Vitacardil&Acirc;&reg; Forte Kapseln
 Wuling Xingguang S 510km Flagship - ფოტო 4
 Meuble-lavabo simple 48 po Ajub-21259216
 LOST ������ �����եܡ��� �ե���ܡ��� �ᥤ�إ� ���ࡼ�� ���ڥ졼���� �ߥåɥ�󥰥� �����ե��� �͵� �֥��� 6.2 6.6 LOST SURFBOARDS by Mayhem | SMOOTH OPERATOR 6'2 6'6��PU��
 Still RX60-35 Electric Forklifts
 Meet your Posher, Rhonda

* * * * * * *

§ What you are asked to do:
Output must be limited to the lines beginning with the one that contains "Meuble-lavabo simple 48 po Ajub-21259216" and ending with the last line of the entries, reproduced exactly.

§ Your response:
 Meuble-lavabo simple 48 po Ajub-21259216
 LOST ������ �����եܡ��� �ե���ܡ��� �ᥤ�إ� ���ࡼ�� ���ڥ졼���� �ߥåɥ�󥰥� �����ե��� �͵� �֥��� 6.2 6.6 LOST SURFBOARDS by Mayhem | SMOOTH OPERATOR 6'2 6'6��PU��
 Still RX60-35 Electric Forklifts
 Meet your Posher, Rhonda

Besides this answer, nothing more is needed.